SnT Winners of the 2022 FNR Science Image Competition

  • Interdisciplinary Centre for Security, Reliability and Trust (SnT)
    20 juillet 2022
  • Catégorie
    Recherche

On 30 June 2022, the Fonds Nationale de la Recherche (FNR) in Luxembourg announced the winning images of this year’s Science Image Competition. The annual contest aims to give a wider exposure to the role of images in scientific research, to reveal how scientists work, give a face to research, and engage with the public. This year, two of the winning images were taken by researchers at the University of Luxembourg’s Interdisciplinary Centre for Security, Reliability and Trust (SnT).
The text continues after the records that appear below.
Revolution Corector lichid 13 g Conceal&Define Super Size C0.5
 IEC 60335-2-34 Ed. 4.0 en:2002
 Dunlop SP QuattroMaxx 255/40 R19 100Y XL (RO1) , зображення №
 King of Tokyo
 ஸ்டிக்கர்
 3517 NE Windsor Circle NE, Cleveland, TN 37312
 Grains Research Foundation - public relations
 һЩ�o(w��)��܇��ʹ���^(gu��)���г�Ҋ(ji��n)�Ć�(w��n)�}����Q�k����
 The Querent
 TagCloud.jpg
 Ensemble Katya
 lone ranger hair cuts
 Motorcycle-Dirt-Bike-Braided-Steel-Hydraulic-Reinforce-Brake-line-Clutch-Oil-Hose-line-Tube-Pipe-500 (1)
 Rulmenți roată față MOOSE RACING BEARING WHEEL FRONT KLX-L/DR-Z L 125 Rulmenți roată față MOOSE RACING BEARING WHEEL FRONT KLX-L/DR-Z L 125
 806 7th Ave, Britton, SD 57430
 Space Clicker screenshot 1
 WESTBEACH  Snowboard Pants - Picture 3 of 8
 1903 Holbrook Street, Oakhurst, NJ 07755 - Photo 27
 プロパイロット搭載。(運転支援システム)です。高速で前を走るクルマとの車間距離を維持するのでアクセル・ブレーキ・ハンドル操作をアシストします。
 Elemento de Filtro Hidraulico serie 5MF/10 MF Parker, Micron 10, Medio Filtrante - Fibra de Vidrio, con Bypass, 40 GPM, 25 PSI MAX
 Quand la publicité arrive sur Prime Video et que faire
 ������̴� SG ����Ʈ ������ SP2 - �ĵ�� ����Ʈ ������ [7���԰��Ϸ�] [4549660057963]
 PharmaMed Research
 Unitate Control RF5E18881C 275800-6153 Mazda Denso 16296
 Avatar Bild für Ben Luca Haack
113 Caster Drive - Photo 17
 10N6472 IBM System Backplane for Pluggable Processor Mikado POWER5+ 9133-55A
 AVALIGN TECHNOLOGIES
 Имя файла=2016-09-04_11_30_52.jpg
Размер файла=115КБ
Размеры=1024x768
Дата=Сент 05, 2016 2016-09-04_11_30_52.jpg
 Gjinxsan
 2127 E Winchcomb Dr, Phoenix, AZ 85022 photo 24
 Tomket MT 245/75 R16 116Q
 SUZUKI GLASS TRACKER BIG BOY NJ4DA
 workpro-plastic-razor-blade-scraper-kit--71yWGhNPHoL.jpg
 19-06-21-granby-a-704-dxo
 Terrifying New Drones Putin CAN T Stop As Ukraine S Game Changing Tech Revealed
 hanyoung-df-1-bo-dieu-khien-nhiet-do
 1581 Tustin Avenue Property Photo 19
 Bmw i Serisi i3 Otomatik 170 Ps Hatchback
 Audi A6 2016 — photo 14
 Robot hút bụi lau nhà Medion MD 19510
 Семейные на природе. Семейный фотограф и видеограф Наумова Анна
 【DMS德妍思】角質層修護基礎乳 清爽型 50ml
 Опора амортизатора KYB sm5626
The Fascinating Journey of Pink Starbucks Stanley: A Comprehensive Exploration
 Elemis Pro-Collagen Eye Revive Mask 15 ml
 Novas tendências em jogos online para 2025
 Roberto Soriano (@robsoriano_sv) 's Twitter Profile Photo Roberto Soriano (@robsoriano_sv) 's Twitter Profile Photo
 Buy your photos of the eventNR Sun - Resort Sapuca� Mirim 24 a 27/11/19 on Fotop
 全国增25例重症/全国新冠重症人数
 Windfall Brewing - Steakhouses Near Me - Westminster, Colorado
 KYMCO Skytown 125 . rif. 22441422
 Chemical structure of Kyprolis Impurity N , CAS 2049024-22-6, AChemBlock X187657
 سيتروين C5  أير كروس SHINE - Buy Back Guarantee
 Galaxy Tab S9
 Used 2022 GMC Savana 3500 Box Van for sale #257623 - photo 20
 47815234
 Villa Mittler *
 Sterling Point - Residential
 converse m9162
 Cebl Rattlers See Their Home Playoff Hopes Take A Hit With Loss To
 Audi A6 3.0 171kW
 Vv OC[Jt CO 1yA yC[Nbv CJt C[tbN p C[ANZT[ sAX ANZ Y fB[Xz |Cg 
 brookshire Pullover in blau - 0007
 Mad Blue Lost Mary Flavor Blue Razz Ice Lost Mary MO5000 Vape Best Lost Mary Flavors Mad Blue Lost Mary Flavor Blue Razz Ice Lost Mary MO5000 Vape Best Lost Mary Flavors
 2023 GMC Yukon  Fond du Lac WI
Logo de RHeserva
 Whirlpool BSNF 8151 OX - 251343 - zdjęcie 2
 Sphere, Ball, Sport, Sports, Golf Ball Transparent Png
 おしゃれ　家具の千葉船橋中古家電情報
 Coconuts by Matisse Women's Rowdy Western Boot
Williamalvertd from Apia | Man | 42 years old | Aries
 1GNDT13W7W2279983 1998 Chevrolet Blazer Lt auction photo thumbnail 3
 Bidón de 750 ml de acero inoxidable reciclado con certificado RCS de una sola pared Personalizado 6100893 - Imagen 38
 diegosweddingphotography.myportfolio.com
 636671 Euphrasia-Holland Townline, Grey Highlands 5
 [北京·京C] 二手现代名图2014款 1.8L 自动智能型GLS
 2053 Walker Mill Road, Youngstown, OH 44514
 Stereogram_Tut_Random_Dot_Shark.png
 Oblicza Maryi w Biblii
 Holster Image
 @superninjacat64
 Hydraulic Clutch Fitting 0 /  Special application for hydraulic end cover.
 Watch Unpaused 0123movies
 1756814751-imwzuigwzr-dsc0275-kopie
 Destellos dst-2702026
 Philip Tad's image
As part of the competition, entrants needed to submit an image of their research to fit into one of four categories, including Object of Study (where researchers capture a research object), Scientists in Action, Places and Tools, or Science Outreach Activities.

In the Scientists in Action category, researchers from the Automation and Robotics (ARG) research group captured doctoral researcher Paul Kremer modifying an experimental testing station that he designed. This type of instrument is used to test a grasping mechanism, which can later be mounted on a drone, pictured in the foreground of the image. It was taken by recently graduated doctoral researcher Dr. Philippe Ludivig, who also had an additional winning entry this year, as well as in last year’s edition of the competition. The jury of the competition described the image as ‘timeless’ but also ‘puzzling’, noting that the daily work of a scientist can take on a different meaning from the perspective of a non-specialist.

In the category of Places and Tools, Dr. Ludivig, working in collaboration with Dr. Jose-Luis Sanchez Lopez, Dr. Hriday Bavle, Muhammad Shaheer, and Ahmed Mahfouz, submitted another image of a Boston Dynamics ‘Spot’ robot dog. Currently part of SnT’s partnership with Luxembourg construction company Stugalux, after they became the first in Europe to purchase two of these robots. SnT’s ARG research group is working with Stugalux to refine its implementation into their many construction sites. The robotic dog was described as futuristic, based on its likeness to a living animal in its posture.

The winning images, of which there are 14 this year, are currently on exhibition at the Luxembourg Science Center in Differdange until September 2022.